Supplementary Figure 9: Success of full length peptide identifications in the three peptides sets generated in this study
From: Building ProteomeTools based on a complete synthetic human proteome

We measured the success of each synthesis by determining the fraction of peptides in a pool that could be identified by LC-MS/MS (the different fragmentation modes are indicated in each plot, all HCD collision energies were combined).
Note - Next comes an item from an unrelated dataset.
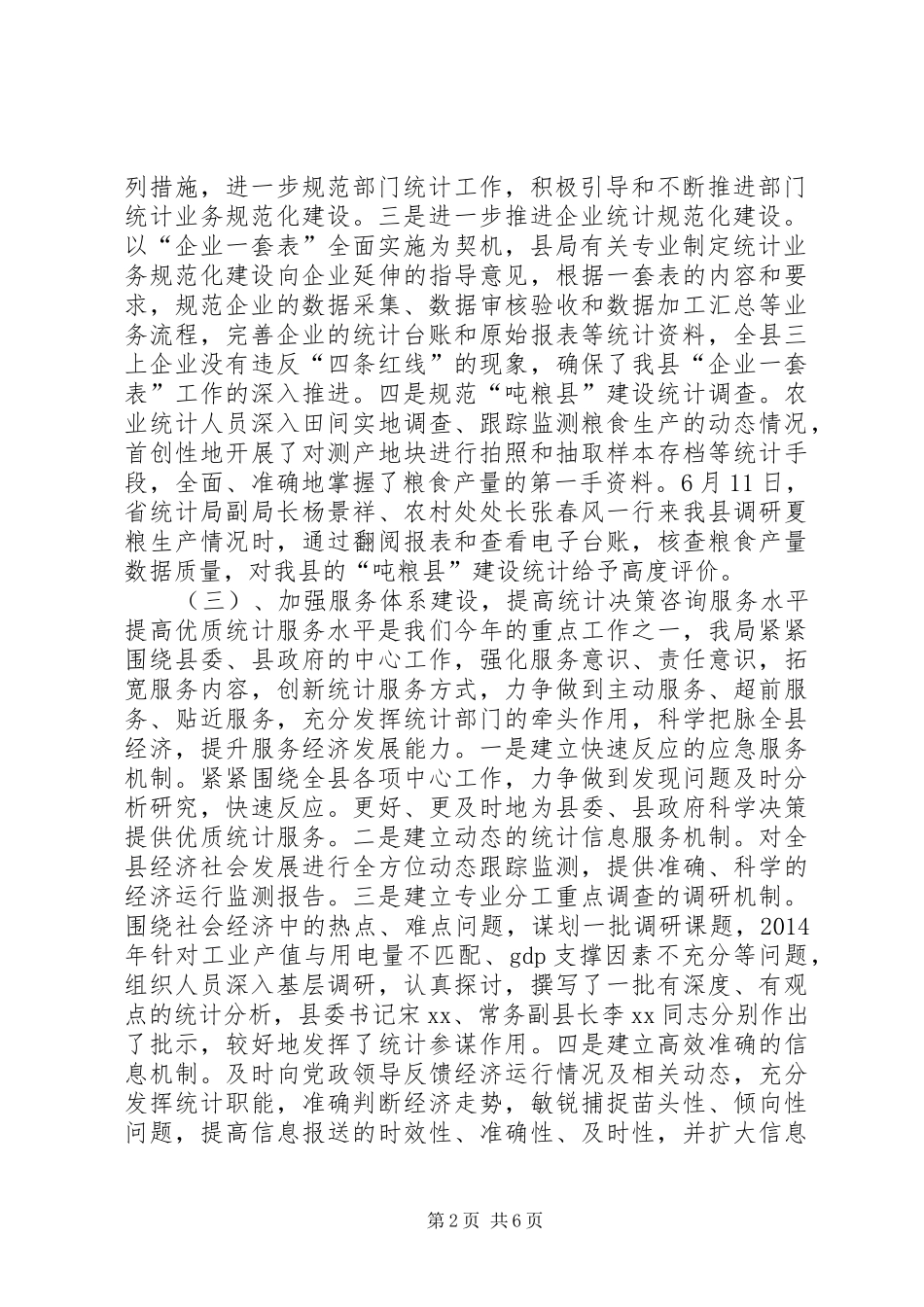 统计局局长座谈会汇报材料_第2页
Apart from a 1% peptide FDR, no additional score cutoff was applied here. For the ‘proteotypic’ set (top panel), recoveries are generally very high (average ~95 %) and only decrease for very long peptides (high pool numbers) presumably because it becomes increasingly difficult to obtain a full length peptide. For the ‘missing gene’ set (middle panel), recoveries were lower (average ~80 %) likely because of lower success in the LC-MS/MS analysis (e. g. solubility, ionization efficiency, fragmentation efficiency). We note that this was expected given the fact that these peptides were predicted from the protein sequences regardless of any prior observation from biological sources. The recovery of the ‘SRMAtlas’ set (bottom panel) was also lower (average ~65 %) possibly (among other potential factors) because these peptides had been synthesized ~6 years prior to our analysis and because this set contains peptides representing N-linked glycosylation sites after PNGase F digestion which we did not account for in the database search.